■ Activity ■
Repeat only the lines below that run from the line with "21st Century B-50" to the line with "Be A Kind Sole", ends included; skip every picture.

■ Data extracts ■
────
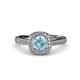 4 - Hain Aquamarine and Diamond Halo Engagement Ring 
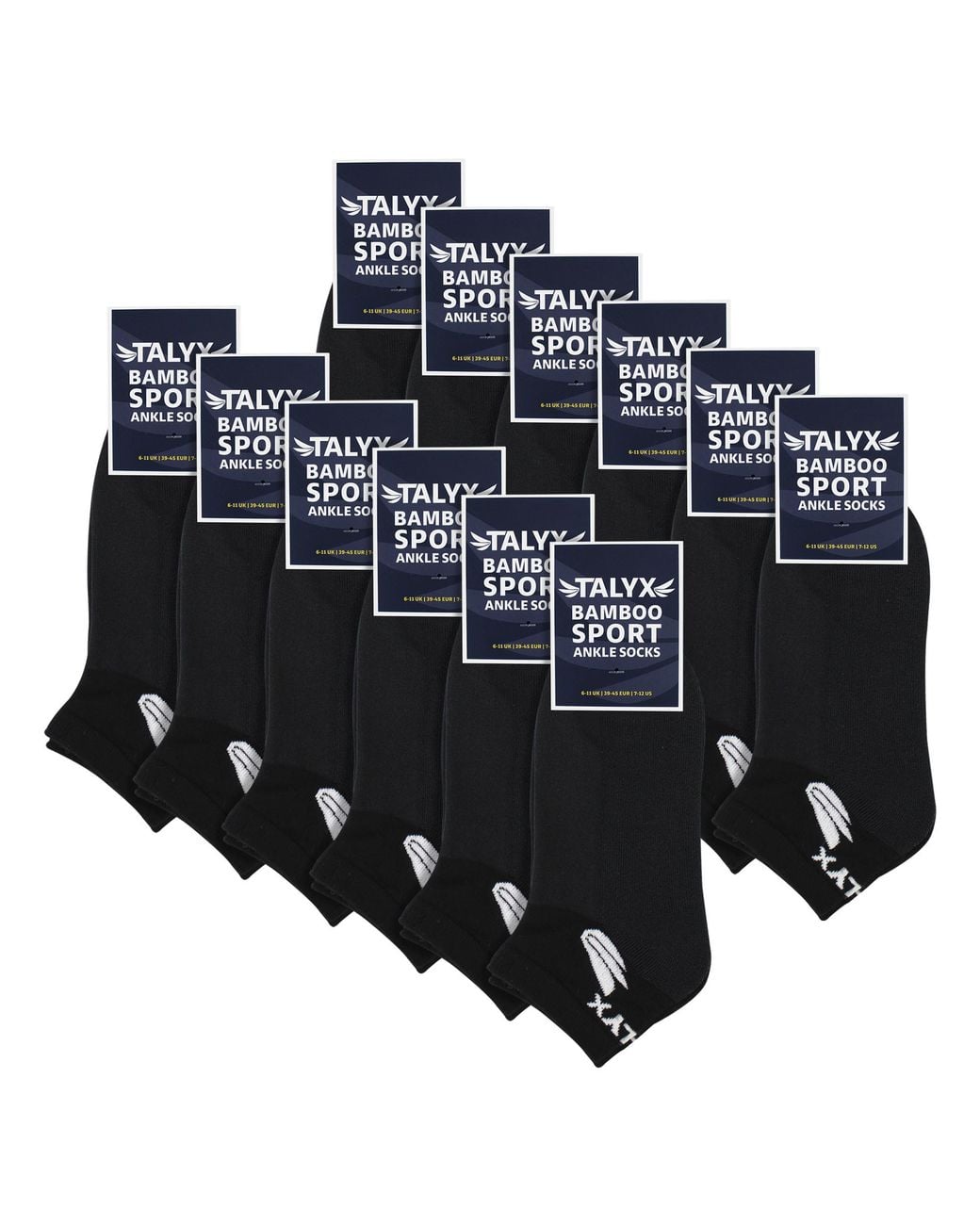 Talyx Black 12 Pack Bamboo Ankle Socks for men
────
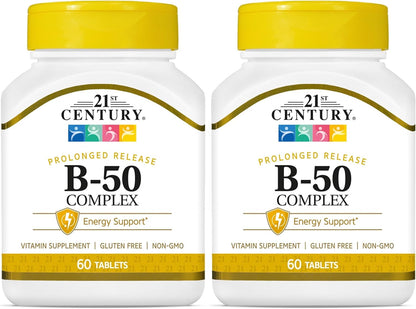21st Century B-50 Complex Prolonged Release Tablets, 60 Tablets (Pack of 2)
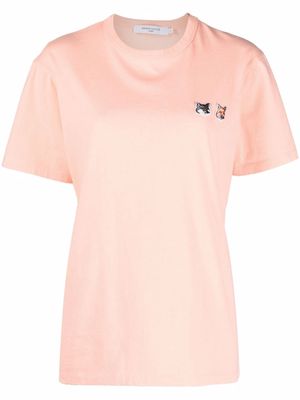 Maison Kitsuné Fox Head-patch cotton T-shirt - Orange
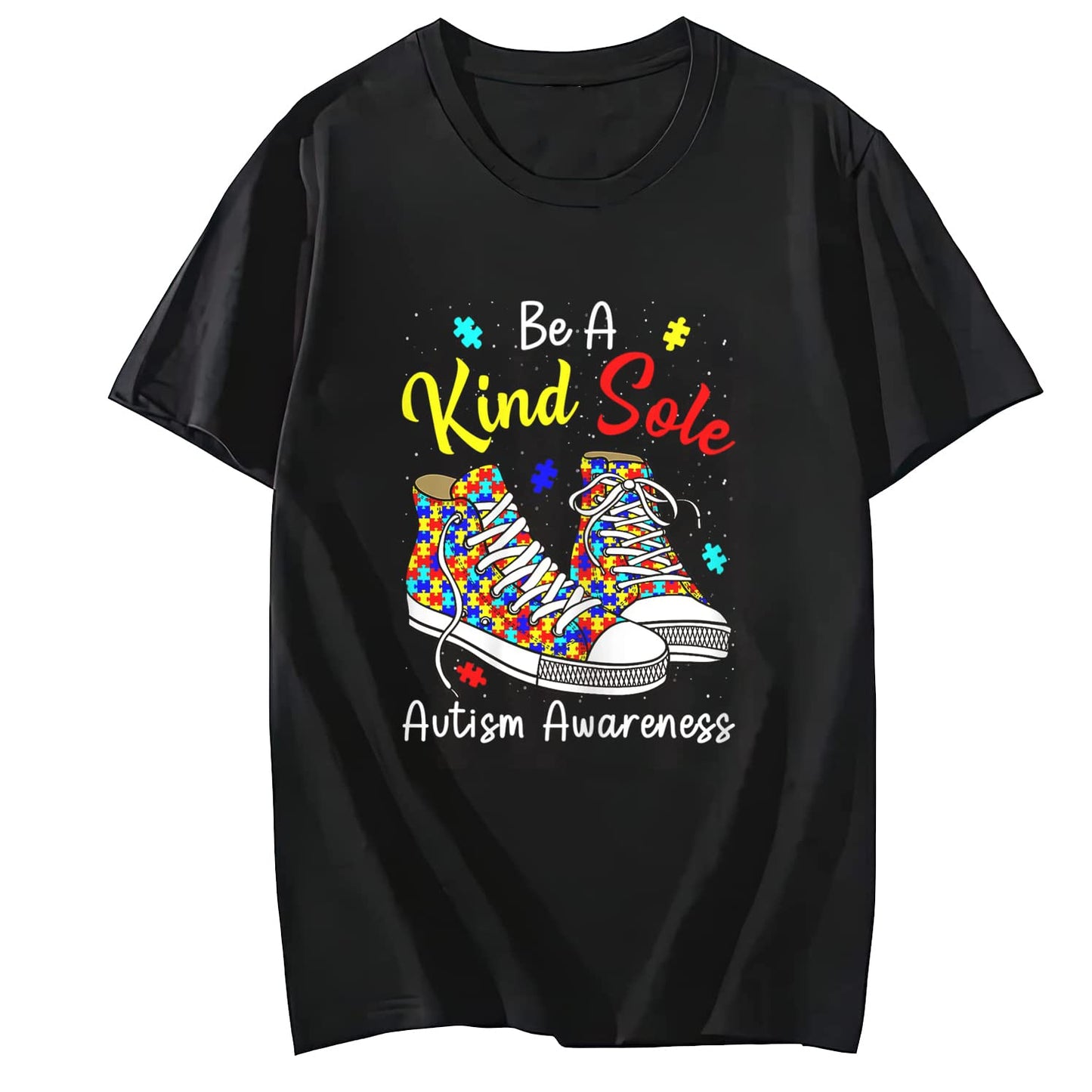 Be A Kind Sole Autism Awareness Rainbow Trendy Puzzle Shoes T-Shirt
────
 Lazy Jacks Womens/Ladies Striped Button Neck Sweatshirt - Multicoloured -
────
■ Exercise answer ■
21st Century B-50 Complex Prolonged Release Tablets, 60 Tablets (Pack of 2)
 Maison Kitsuné Fox Head-patch cotton T-shirt - Orange
 Be A Kind Sole Autism Awareness Rainbow Trendy Puzzle Shoes T-Shirt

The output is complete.